I was asked to write a craft essay for the forthcoming edition of Best Microfiction — a first for me, and a huge honor. It got me thinking about how I started writing flash fiction, and why I love the genre so much.
To give a simple answer: Meg Pokrass got me started writing flash fiction. Meg, and the community she created.
If you haven’t already discovered Meg Pokrass, remedy that immediately. Any of her books will do, they will all leave you gasping for breath. I don’t know anyone who writes quite like Meg. She’ll break your heart and you’ll laugh while it’s happening. No one gets the beginning of how things end the way Meg does. She can tell a story set in the past, or one set right now, and it all feels like something you’ve remembered, or something you’ve only just now understood though it was there all the time. Every single thing in a Meg Pokrass story means something, but her stories are never weighed down, they are never pompous.
I found Meg on Facebook when social media was still fairly new. I don’t remember exactly how. Meg posted prompt words nearly every day. And a large community of writers used them and posted their drafts there. So I started to do it, too.
Meg’s instructions were to use all the words — usually 8-10 of them — in a story written in about 20 minutes of continuous writing. In other words, a timed freewrite.
I confess at first I thought these freewrites were merely writing exercises, something you did on your way to whatever it was you were really going to do. But then I started hearing this term “flash fiction.” And I noticed how the other stories from the prompts were put together, how they worked as full stories and packed an outsized punch.
Meg’s first book, Damn Sure Right, was still new. I bought it — and the sun shone through the clouds, and birds sang, and rainbows arced, and brooks babbled merrily. I got it all at once, what flash fiction was about, what it could do, why it is so powerful. An epiphany, if you will…
It wasn’t just reading Meg’s work, though. It was reading everyone else’s stories on the page, too, watching how they used language, developed characters, moved the narrative — all in less than 1,000 words. What’s more, these accomplished and well-published writers offered kind feedback on each other’s stories — and on mine too!

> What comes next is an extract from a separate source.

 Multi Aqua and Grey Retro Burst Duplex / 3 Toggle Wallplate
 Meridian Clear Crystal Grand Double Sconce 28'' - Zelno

From the comments made on my stories — or not made — I began to understand where I’d been successful and where I still needed to work. Meg herself was always encouraging. Others in the community — Charles Rammelkamp, the late and much-missed David James, James Claffey, Morgana McLeod, Francine Witte, Frances Leibowitz, Michael Dwayne Smith, Sherrie Flick, Rosemary Tantra Bensko, so many others — were kind to newbie me. Sometimes they saw a gold nugget in a story I thought was a throw-away. Occasionally, someone would suggest an edit, and as I tried out the suggestions, I began to understand how to craft my work.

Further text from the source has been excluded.